> **Exercise instructions**
What you write should be an exact repeat of the lines from the one with "Savanna Baboon, Nairobi 1135" through the final line below, minus the pictures.

Collected data entries
============================================================

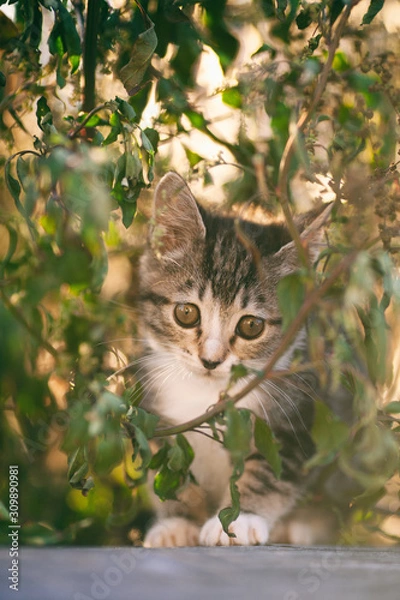 Obraz adorable kitten cat looking at camera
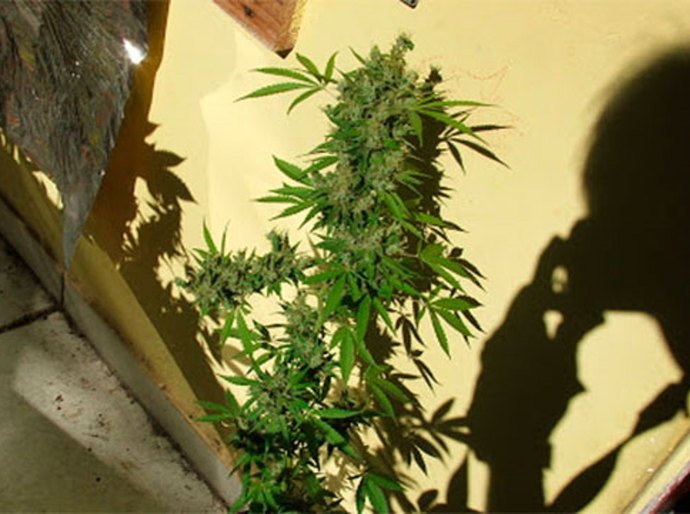 Portal oferece ensino a distância a respeito de políticas sobre drogas
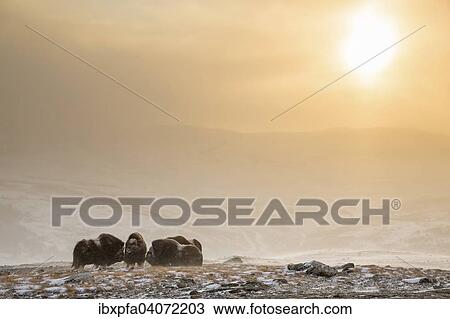 "Muskoxen (Ovibos moschatus) in a snowstorm in backlight, Dovrefjell-Sunndalsfjella National Park, Norway, Europe" View Large Photo Image Stock Image - "Muskoxen (Ovibos moschatus) in a snowstorm in backlight, Dovrefjell-Sunndalsfjella National Park, Norway, Europe". Fotosearch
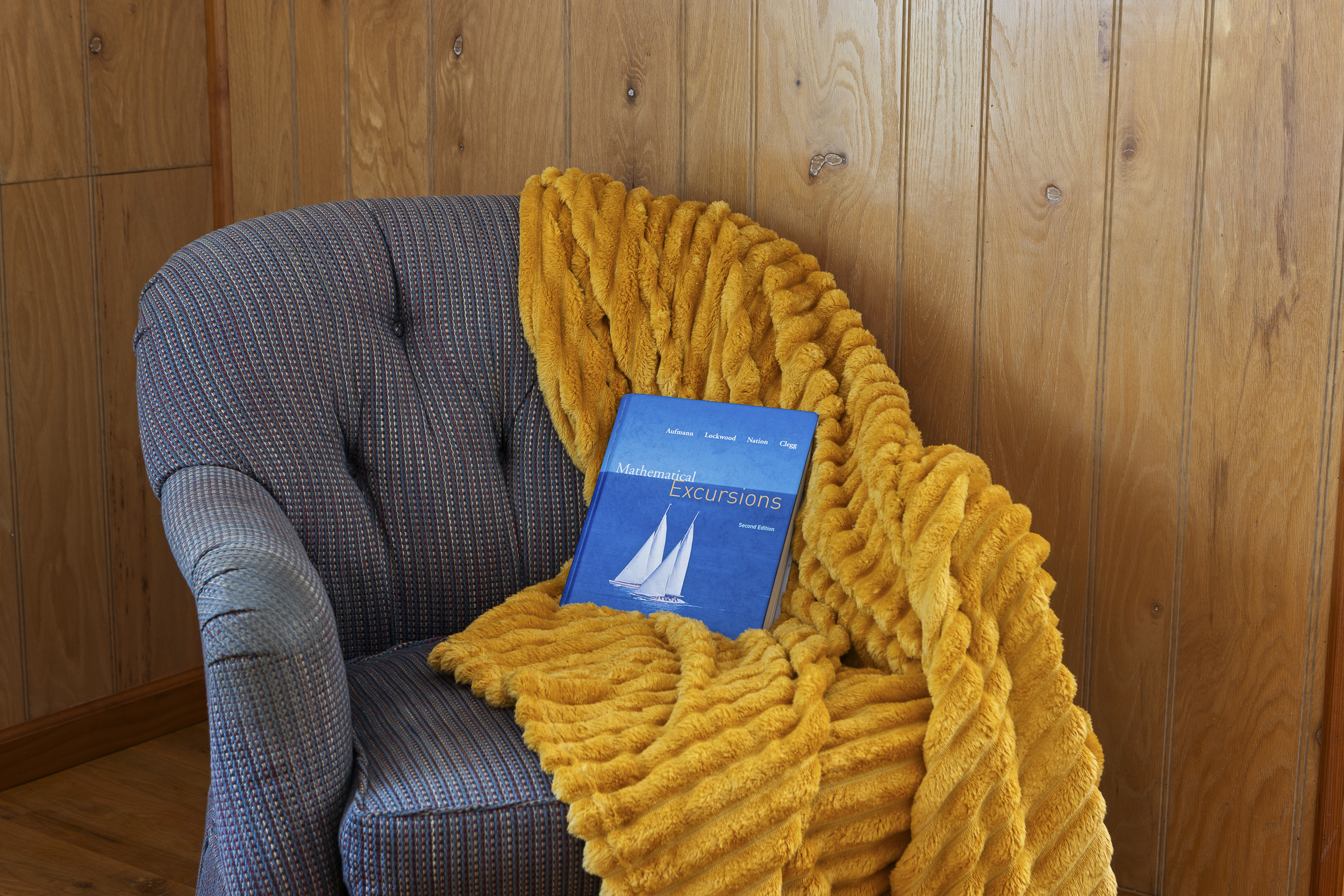 Cottage Reading Nook: Unwind in style with a plush chair, vibrant throw, and a great read!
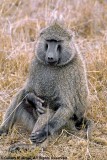 Savanna Baboon, Nairobi 1135
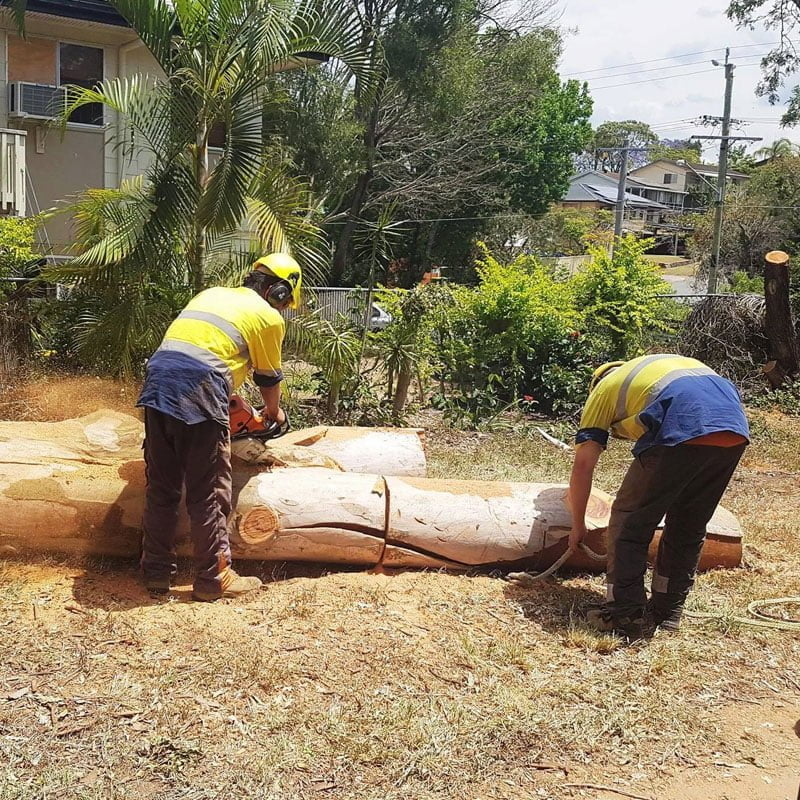 Aussie Tree Solutions Experts In Tree Removal, Tree Cutting, Arborist Services & More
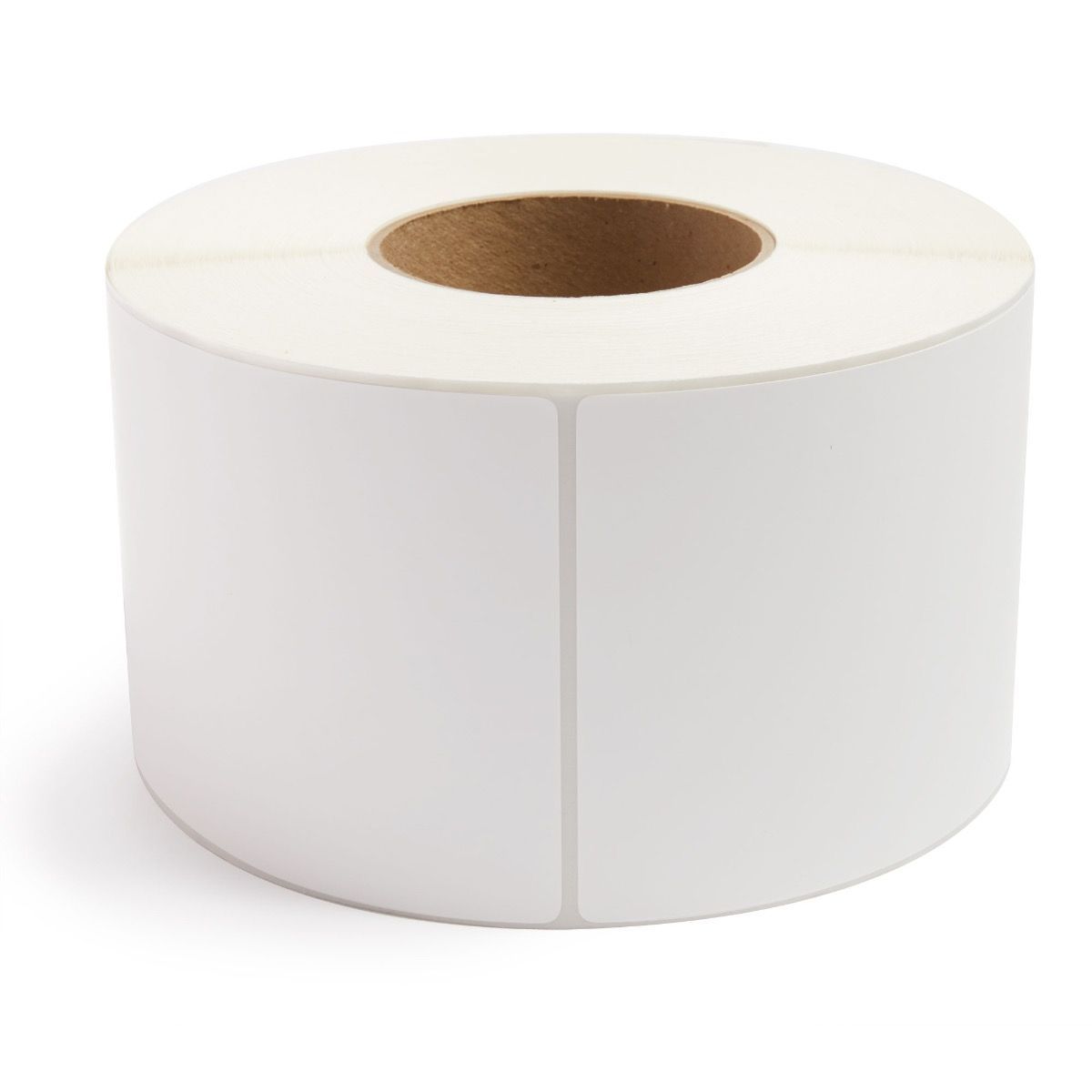 Cholestech LDX Printer Paper Roll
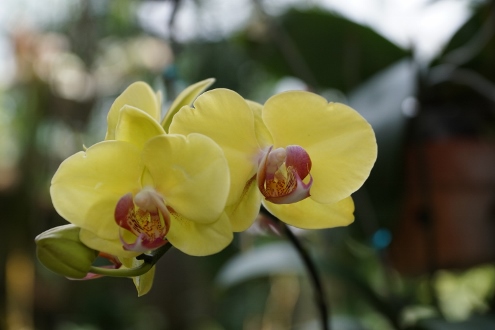 Bogor - Botanischer Garten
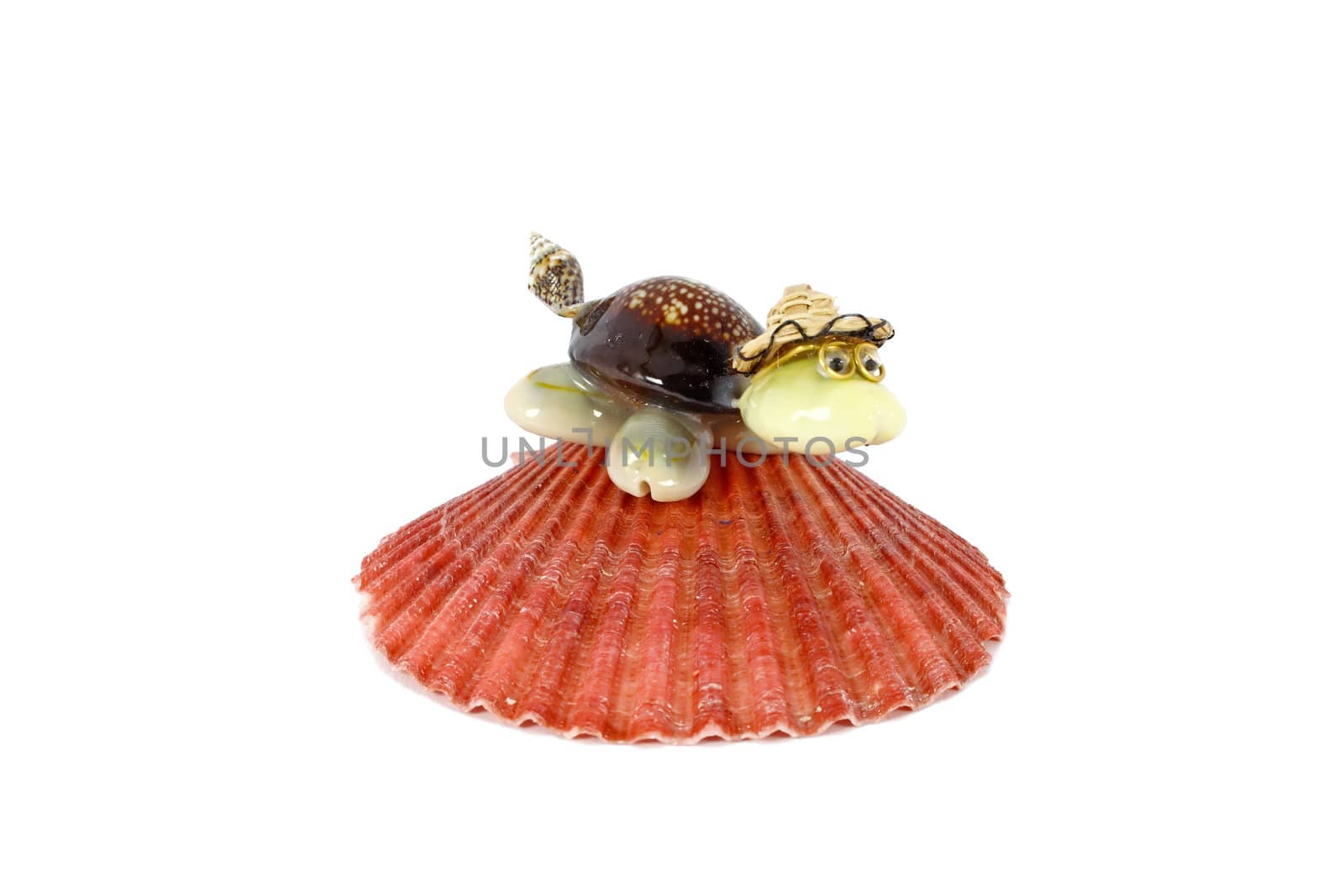 Little turtle made of shells, souvenir from vacation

============================================================

> **Written answer**
 Savanna Baboon, Nairobi 1135
 Aussie Tree Solutions Experts In Tree Removal, Tree Cutting, Arborist Services & More
 Cholestech LDX Printer Paper Roll
 Bogor - Botanischer Garten
 Little turtle made of shells, souvenir from vacation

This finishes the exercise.